# Problem details
A word-for-word copy of the records is needed, with every picture left out.

# Exercise data
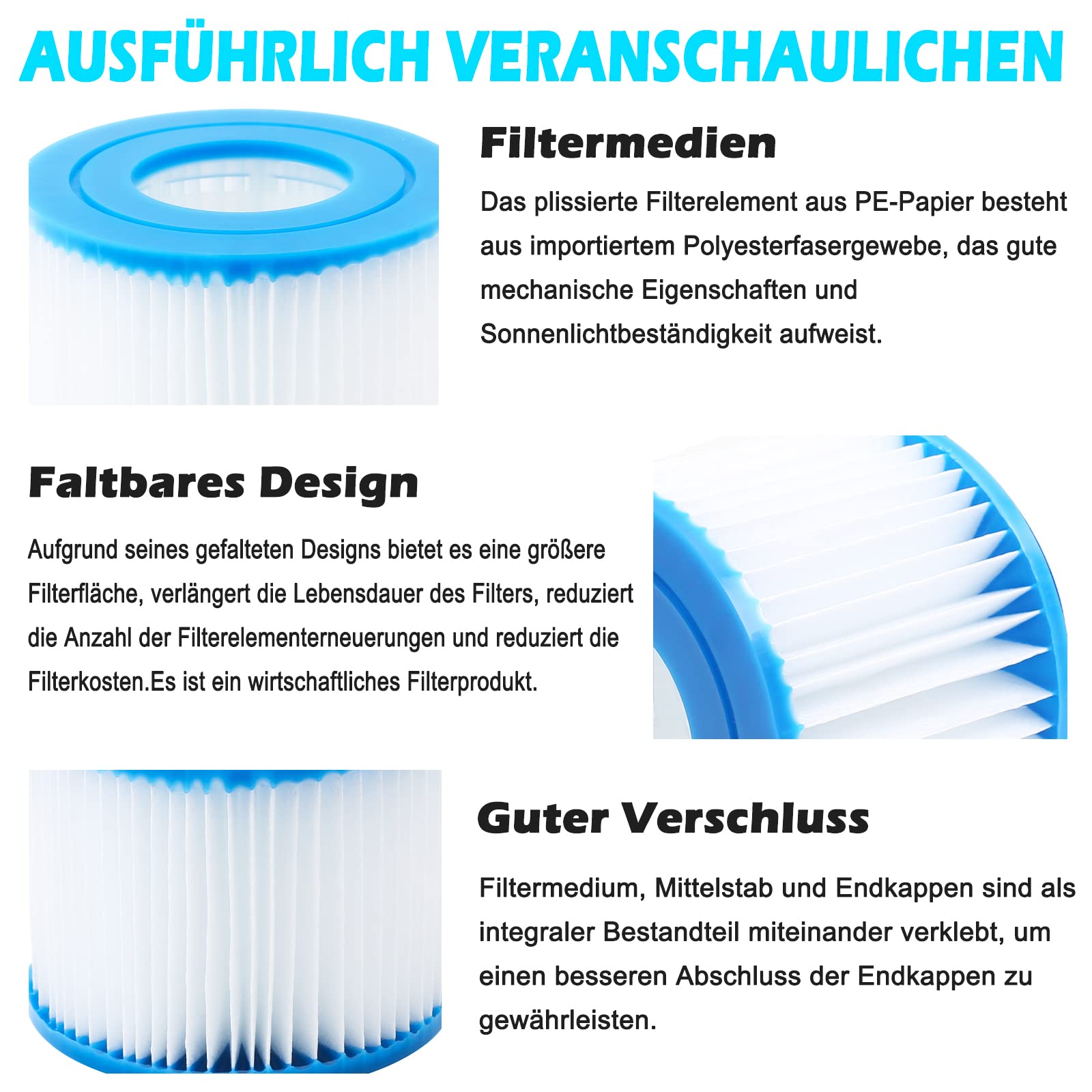 Confezione da 8 filtri di Ricambio per Piscina Misura 6-58323, Filtro di Ricambio per Piscina per Best-Way VI, Lay-Z-Spa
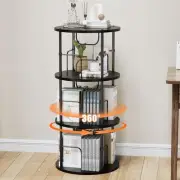 Rotating Bookshelf, 3 Tier Round Revolving Bookcase with Special Visible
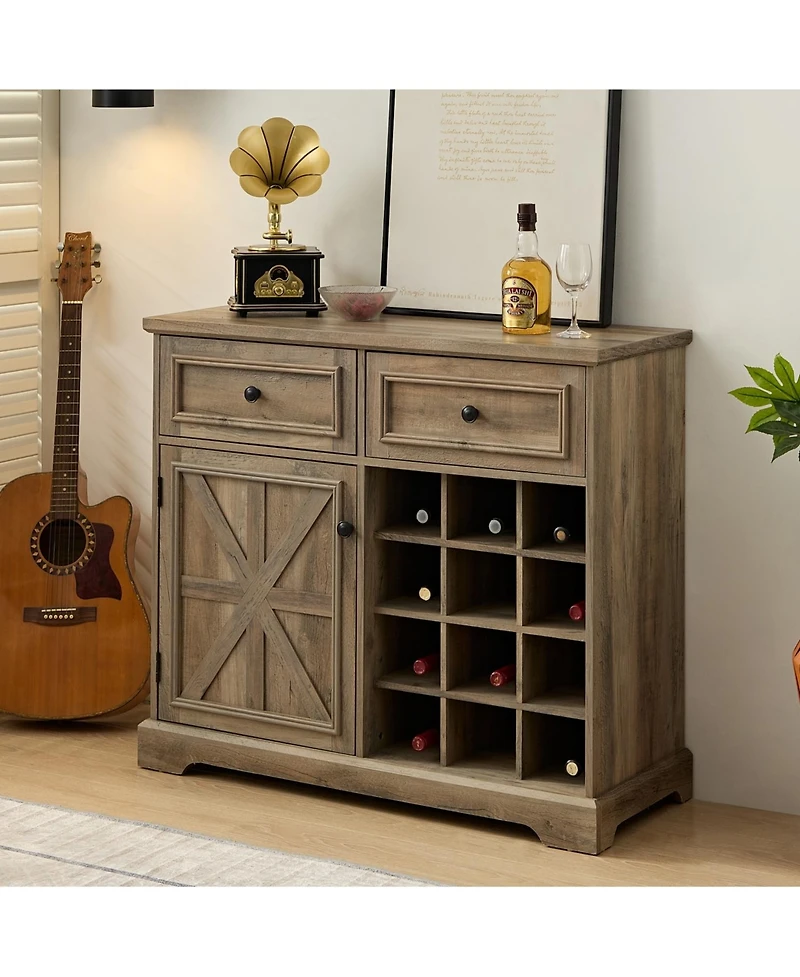 Streamdale Farmhouse Liquor Cabinet with Removable Wine Racks (Gray Wash, L39.37"W15.7"H34.65")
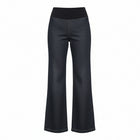 NES DollyB Denim Pants by N-E-S – a wide-leg stretch denim pant with fold-down rib waistband and contrast stitching. Available in blue or black denim. NZ made.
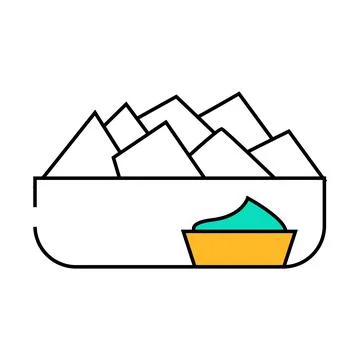 Chips spinach icon color illustration Stock Illustration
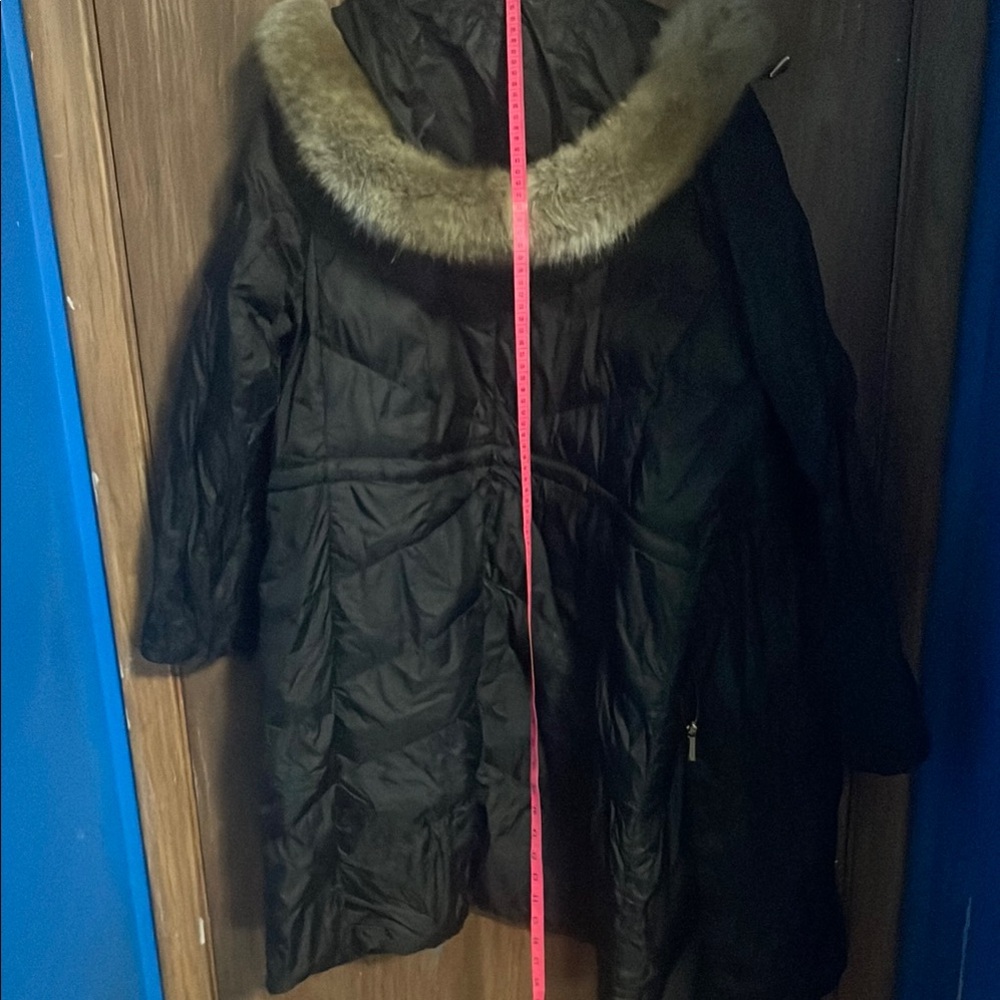 Michael Kors Black Puffer Coat with Fur-Trimmed Hood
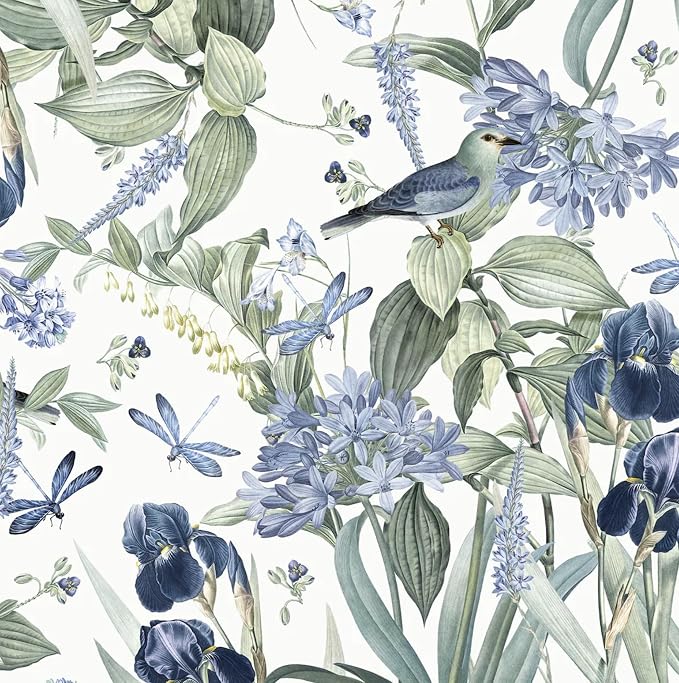 Floral Wallpaper Peel and Stick Blue Flower Contact Paper 16.9inch x118.1inch by lenify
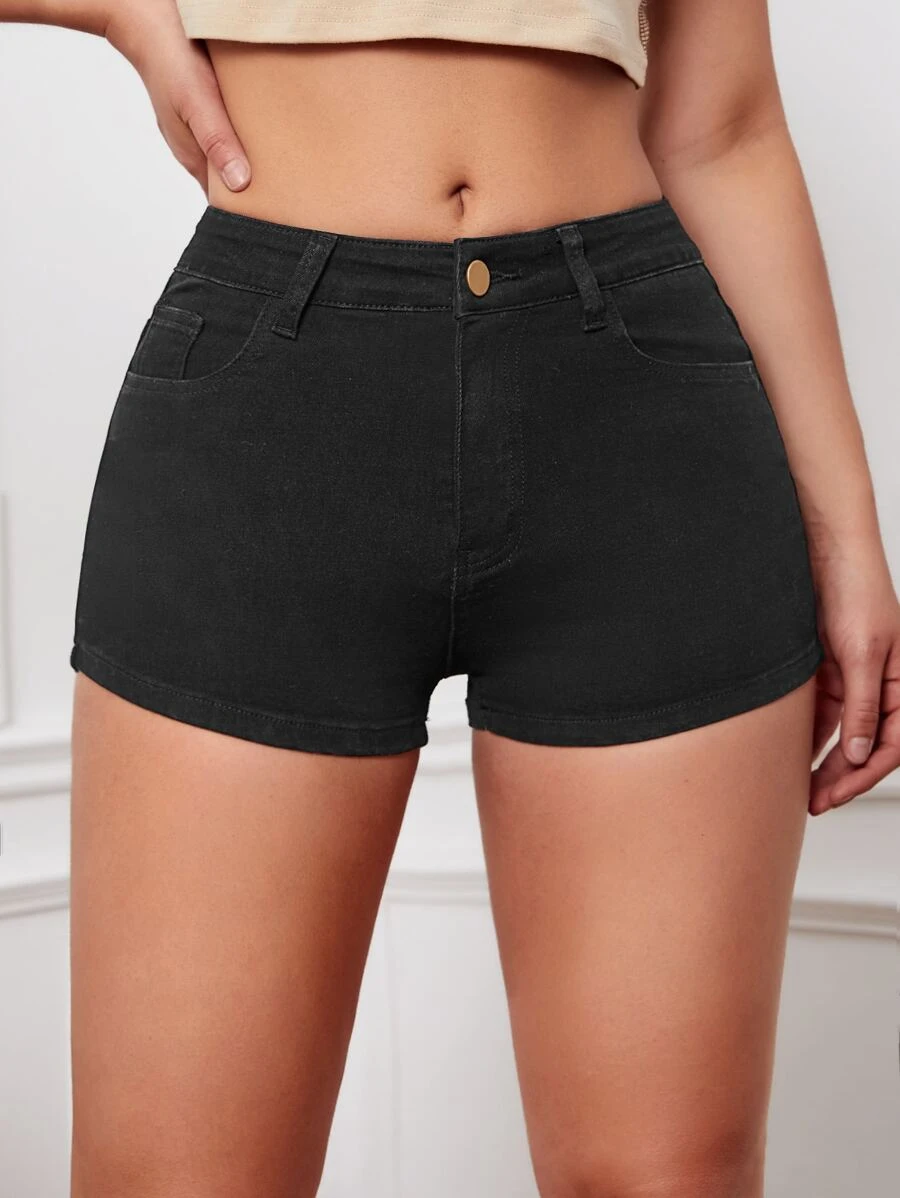 Solid Skinny Denim Shorts - Black - View 1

# Written answer
 Confezione da 8 filtri di Ricambio per Piscina Misura 6-58323, Filtro di Ricambio per Piscina per Best-Way VI, Lay-Z-Spa
 Rotating Bookshelf, 3 Tier Round Revolving Bookcase with Special Visible
 Streamdale Farmhouse Liquor Cabinet with Removable Wine Racks (Gray Wash, L39.37"W15.7"H34.65")
 NES DollyB Denim Pants by N-E-S – a wide-leg stretch denim pant with fold-down rib waistband and contrast stitching. Available in blue or black denim. NZ made.
 Chips spinach icon color illustration Stock Illustration
 Michael Kors Black Puffer Coat with Fur-Trimmed Hood
 Floral Wallpaper Peel and Stick Blue Flower Contact Paper 16.9inch x118.1inch by lenify
 Solid Skinny Denim Shorts - Black - View 1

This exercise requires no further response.